The department of pangs of conscience here has managed to gloat over Nelson Mandela's death of old age. According to the best of South African folklore, this department also danced during the funeral. At first there was a festive denunciation of the wise decision not to send a high-ranking delegation to the ceremony, followed by splendid remorse over local sins of racism.
Israel's governments never supported any apartheid in any country, and yet Israel was described last week as a country which stood by the evil white people. A diligent person inquired and found out that even Yitzhak Rabin once voiced an awful racist phrase – "the kushi ('negro') problem."
That happened, by the way, during a closed meeting of the Knesset's Foreign Affairs and Defense Committee as part of his role as Israel's ambassador in Washington. Rabin innocently reviewed what was going on in his mission country, addressed the interracial riots which had erupted there at the time, and used the phrase "the negro problem." If we're allowed to talk about "the haredi problem," "the Bedouin problem" or "the settler problem," we may also talk about the "negro problem" or about the "black problem," depending on the century you're living in. Each generation and its political correctness.
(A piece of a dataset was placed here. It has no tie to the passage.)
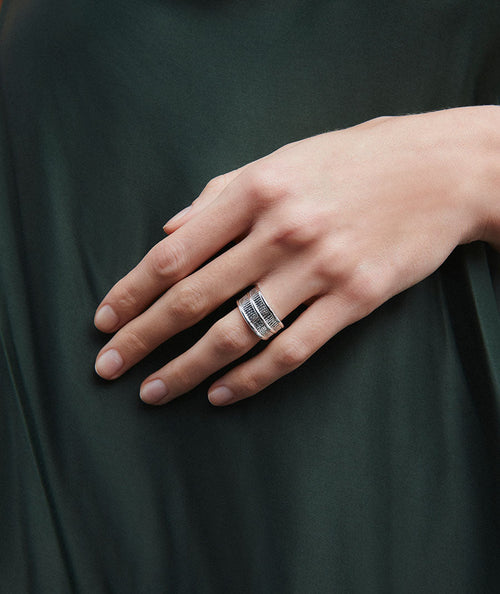 Ring dúal Horizonte with strands and zirconia stones secundaria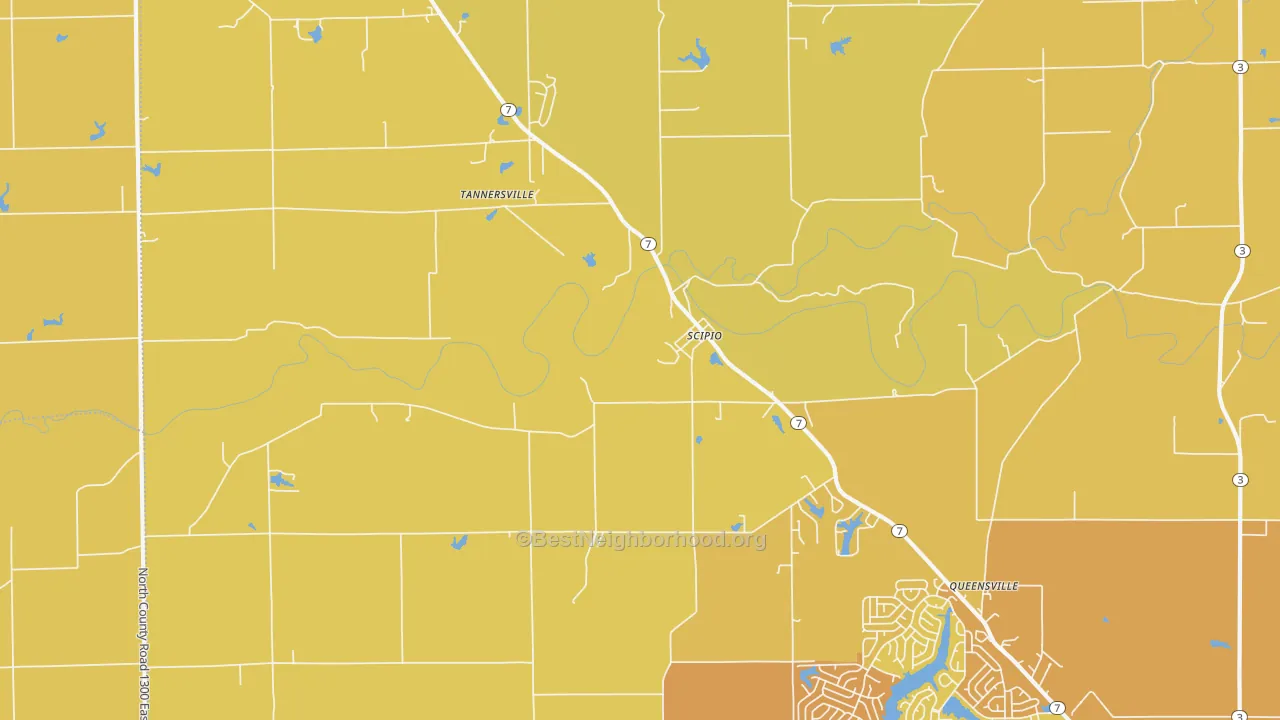Map of the best neighborhoods in the 47273 area, with better matches in green and worse matches in red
In 1966, when Israel's representative at the UN Human Rights Committee abstained in the vote on condemning the apartheid, the Foreign Ministry rushed to issue a profound apology and clarify that Israel strongly opposed to discrimination against black people. The representative himself explained bewilderedly that the vote had caught him by surprise, that he hadn't had time to consult with Jerusalem and had decided to abstain. His name, by the way, was Haim Cohn, who went on to become a Supreme Court judge and president of the Association for Civil Rights in Israel. He couldn't be suspected of racism.
It's true that since the 1970s Israel sustained good relations with the government which put Nelson Mandela in prison, but it never supported the apartheid. Its good relations with that government only developed after the majority of African countries treated Israel with atrocious ingratitude and severed their ties with it, inspired by the Arabs.
In diplomatic life there is no escape from problematic relations of this kind. Israel has good relations today with the Chinese dictatorship as well. It encourages the Americans to financially support the generals' regime in Cairo. For years it had a wonderful friendship with cruel tyrant Ceausescu. If only it could, it would exchange ambassadors even with the monarchic regime of oppression in Saudi Arabia. So there is something ridiculous and hypocrite in the fresh reminders about its tight relations with white South Africa of all countries.
Mandela himself, as we all know, was not a fan of the Zionist enterprise. The conduct of his colleague Desmond Tutu, may he live long, was even more hostile. When he visited Yad Vashem in 1989 he preached us to forgive the Nazis, but he himself belongs to the camp which refuses to this very day to forgive the Israelis for the Zionist adventure.
One can check old newspapers and find out that even before the Six-Day War, African elements labeled us an apartheid state. South Africa of the Mandela era and onwards encouraged this vicious staining process. It's good that we didn’t go out of our way sharing in its grief.